Ohlsdorf. Verwaltungsgericht entscheidet: Stadt muss Arbeit an Häusern für 700 Menschen im Norden Hamburgs einstellen
Die Nachbarn einer Wohnunterkunft für bis zu 700 Flüchtlinge in Klein Borstel haben vor Gericht einen Erfolg erzielt. Das Hamburger Verwaltungsgericht verhängte am späten Mittwochnachmittag einen Baustopp für die Einrichtung Am Anzuchtgarten, die noch im Dezember von den ersten rund 250 Flüchtlingen bezogen werden sollte.

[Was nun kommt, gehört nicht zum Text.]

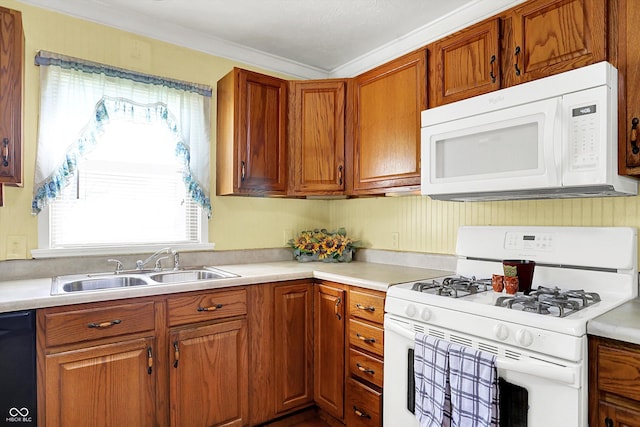 101 Heiny Rd, Indianapolis, IN 46217 - kitchen with white appliances, a sink, light countertops, brown cabinets, and crown molding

„Diese Entscheidung bedeutet eine erhebliche Verzögerung“, sagte Susanne Schwendtke, Sprecherin der städtischen Gesellschaft „Fördern & Wohnen“. Marcel Schweitzer, Sprecher der Behörde für Soziales, Familie und Integration (BASFI), sagte: „Wir werden uns die Begründung des Verwaltungsgerichts jetzt anschauen, sorgfältig prüfen und dann entscheiden, wie wir weiter vorgehen.“ Zwei Wochen hat die Sozialbehörde Zeit, gegen die Entscheidung vorzugehen. Dann landet das Verfahren vor dem Oberverwaltungsgericht. Möglich wäre aber wohl ein Kompromiss. Denn die Kläger, die sich zu dem Verein „Lebenswertes Klein Borstel“ zusammengeschlossen hatten, bieten der Sozialbehörde Gespräche an. „Für uns ist dies nur ein Zwischenergebnis. Wir hatten von Anfang den Dialog mit der Behörde gesucht und eine Beteiligung der Anwohner eingefordert“, so der Vorsitzende Olaf Peter. „Die Entscheidung des Verwaltungsgerichts ist ein Erfolg für die Rechtsstaatlichkeit, die auch in der aktuellen Flüchtlingskrise ein hohes Gut ist.“ Für die CDU-Bürgerschaftsabgeordnete Karin Prien ist das Urteil „der Beweis, dass Akzeptanz für neue Unterkünfte in Hamburg nicht ohne echte Bürgerbeteiligung zu schaffen ist“.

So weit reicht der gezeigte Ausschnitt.